Por Carlos Silva, La lengua de Dante.

Las campañas son un ejercicio que nos permite contrastar capacidades, perfiles y propuestas, no son un concurso de talentos, ni un certamen de belleza y menos aún, un control de confianza a partir del cual, cada candidato debe poder mostrar su honradez a partir de un origen humilde, cierto o falso; sin embargo en las campañas políticas juega un factor que lleva a los políticos a cometer toda serie de desatinos y a sus equipos de campaña, a intentar todo tipo de ocurrencias con tal de hacer parecer a sus candidatos como personas populares.

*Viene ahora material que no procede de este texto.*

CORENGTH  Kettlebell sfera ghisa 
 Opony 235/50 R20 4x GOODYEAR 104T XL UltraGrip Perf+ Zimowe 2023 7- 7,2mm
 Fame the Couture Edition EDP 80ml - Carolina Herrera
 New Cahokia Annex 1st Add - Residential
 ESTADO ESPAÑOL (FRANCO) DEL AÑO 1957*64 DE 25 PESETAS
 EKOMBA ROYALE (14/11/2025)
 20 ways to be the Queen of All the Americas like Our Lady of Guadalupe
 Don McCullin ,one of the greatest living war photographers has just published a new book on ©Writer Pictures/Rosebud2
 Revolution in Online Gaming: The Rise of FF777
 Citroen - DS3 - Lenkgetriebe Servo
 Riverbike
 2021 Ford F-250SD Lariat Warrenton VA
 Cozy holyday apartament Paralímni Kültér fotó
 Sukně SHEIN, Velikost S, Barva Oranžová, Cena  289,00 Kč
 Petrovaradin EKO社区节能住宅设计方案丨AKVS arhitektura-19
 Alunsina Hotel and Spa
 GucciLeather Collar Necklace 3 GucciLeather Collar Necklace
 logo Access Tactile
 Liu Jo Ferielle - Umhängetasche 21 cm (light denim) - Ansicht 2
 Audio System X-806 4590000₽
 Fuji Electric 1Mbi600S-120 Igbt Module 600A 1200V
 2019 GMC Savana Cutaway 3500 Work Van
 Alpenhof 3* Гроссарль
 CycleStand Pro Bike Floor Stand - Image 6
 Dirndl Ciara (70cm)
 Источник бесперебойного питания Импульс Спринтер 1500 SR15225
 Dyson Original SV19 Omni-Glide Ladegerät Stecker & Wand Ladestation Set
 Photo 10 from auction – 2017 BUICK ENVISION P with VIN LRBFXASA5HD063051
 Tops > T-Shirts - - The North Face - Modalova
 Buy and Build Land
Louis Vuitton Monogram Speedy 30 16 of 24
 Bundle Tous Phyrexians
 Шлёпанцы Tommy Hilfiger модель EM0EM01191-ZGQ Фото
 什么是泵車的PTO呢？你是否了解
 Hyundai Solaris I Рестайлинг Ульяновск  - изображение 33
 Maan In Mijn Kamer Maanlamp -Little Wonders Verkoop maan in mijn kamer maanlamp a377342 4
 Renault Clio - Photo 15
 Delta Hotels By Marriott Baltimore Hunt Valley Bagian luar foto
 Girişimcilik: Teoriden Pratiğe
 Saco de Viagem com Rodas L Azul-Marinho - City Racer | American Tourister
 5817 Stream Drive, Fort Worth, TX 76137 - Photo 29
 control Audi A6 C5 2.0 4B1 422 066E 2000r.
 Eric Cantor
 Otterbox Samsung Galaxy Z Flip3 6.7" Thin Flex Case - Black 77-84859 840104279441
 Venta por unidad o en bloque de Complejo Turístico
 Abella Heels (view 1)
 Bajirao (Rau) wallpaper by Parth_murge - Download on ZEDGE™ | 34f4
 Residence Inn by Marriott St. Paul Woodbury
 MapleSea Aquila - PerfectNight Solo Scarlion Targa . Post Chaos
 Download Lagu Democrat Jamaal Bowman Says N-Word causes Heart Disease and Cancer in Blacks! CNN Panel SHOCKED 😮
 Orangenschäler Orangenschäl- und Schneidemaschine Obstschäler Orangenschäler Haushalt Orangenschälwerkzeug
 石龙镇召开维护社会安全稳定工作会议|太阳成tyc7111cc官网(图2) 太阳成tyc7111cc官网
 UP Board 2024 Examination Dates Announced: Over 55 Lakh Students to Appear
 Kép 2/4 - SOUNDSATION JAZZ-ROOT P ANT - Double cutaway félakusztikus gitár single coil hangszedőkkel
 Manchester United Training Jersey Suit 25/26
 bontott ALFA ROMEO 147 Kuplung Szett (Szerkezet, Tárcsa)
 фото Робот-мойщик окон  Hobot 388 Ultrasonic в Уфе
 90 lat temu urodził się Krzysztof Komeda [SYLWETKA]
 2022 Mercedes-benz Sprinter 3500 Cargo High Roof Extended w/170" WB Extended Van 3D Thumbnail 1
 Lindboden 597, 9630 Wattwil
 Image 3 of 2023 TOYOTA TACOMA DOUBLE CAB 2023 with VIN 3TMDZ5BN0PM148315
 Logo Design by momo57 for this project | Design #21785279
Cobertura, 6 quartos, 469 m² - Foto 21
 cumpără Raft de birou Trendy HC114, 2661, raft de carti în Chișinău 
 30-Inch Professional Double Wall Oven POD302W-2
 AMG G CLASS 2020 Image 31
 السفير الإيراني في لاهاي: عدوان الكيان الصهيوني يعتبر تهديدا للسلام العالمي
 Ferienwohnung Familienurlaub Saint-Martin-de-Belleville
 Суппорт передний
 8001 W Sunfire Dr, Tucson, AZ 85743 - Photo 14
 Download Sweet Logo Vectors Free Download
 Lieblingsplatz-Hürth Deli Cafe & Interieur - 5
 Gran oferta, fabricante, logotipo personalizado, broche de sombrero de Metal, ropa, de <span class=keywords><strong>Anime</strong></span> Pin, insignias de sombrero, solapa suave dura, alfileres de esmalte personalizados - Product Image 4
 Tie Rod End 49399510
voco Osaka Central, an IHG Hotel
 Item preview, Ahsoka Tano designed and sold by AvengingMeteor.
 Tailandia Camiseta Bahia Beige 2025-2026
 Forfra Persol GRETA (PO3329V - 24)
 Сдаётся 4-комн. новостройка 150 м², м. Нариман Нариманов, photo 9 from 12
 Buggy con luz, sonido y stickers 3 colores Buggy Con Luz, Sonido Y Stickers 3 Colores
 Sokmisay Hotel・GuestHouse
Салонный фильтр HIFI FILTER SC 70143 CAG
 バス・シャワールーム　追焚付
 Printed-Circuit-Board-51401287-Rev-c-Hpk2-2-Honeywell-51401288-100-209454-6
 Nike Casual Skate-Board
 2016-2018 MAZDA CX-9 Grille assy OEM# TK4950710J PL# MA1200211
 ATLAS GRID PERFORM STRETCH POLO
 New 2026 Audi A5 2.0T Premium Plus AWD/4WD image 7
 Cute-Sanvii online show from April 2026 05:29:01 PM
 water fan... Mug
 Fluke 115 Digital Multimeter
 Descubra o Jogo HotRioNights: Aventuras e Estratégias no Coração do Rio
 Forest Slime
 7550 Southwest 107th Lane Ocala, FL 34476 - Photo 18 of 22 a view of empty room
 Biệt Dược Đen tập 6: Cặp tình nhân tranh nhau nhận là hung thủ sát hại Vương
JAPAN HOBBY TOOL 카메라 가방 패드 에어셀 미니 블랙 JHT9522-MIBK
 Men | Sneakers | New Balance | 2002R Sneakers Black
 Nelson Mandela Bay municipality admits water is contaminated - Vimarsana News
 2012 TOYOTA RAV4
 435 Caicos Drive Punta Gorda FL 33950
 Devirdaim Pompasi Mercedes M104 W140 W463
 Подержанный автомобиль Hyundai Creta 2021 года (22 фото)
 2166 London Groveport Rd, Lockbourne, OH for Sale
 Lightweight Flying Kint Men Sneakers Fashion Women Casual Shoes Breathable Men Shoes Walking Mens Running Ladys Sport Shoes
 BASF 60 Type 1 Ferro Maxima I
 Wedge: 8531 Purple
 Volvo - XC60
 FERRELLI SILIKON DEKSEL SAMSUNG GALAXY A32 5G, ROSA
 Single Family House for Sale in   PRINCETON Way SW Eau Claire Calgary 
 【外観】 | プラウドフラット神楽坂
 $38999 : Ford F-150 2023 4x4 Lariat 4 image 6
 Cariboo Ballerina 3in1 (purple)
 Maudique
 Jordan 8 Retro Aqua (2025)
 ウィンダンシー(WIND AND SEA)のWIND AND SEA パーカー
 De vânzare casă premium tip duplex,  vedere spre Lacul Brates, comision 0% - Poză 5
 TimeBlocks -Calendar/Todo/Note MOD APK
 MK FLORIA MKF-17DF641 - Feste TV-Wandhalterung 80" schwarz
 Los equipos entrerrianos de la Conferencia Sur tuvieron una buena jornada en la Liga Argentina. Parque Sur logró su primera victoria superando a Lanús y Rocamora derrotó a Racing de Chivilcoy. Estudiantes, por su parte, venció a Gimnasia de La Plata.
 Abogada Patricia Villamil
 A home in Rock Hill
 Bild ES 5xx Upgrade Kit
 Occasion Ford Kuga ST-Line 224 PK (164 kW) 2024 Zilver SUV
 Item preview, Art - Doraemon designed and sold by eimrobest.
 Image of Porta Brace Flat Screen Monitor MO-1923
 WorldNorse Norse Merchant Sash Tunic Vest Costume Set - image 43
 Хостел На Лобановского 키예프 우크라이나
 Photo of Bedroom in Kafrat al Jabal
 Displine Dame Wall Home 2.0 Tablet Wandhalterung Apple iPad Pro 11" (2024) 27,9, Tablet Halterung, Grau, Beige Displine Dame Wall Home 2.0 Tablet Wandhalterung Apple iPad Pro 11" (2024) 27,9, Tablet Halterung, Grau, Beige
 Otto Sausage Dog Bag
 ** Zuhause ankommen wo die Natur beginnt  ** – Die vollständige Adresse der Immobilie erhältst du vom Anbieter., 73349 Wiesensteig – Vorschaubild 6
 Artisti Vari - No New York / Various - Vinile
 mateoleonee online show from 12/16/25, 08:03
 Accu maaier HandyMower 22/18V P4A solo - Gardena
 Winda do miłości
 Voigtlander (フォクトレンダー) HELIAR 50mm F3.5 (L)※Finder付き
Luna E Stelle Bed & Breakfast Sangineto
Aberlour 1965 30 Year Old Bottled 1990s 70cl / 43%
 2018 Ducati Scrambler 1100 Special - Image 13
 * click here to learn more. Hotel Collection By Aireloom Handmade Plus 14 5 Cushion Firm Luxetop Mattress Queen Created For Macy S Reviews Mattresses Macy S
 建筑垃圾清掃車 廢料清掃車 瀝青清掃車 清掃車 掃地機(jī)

Para muchos ese factor es indispensable a la hora de sumar votos, no todos lo poseen y por ello lo buscan con denuedo, se llama popularidad y es la causa de muchos despropósitos de políticos en campaña.

Y es justo ese afán de algunos políticos en parecer populares, lo que los lleva a ser populosos, solo para terminar siendo, en la mayoría de los casos, el mismo tipo de políticos populistas que tanto daño han causado en todas partes y al parecer, en nuestro país no han sido suficientes las experiencias de políticos vernáculos como Luis Echeverría, bufones como Vicente Fox, populares y bonitos como Peña Nieto o ya de plano populistas como el actual presidente López Obrador.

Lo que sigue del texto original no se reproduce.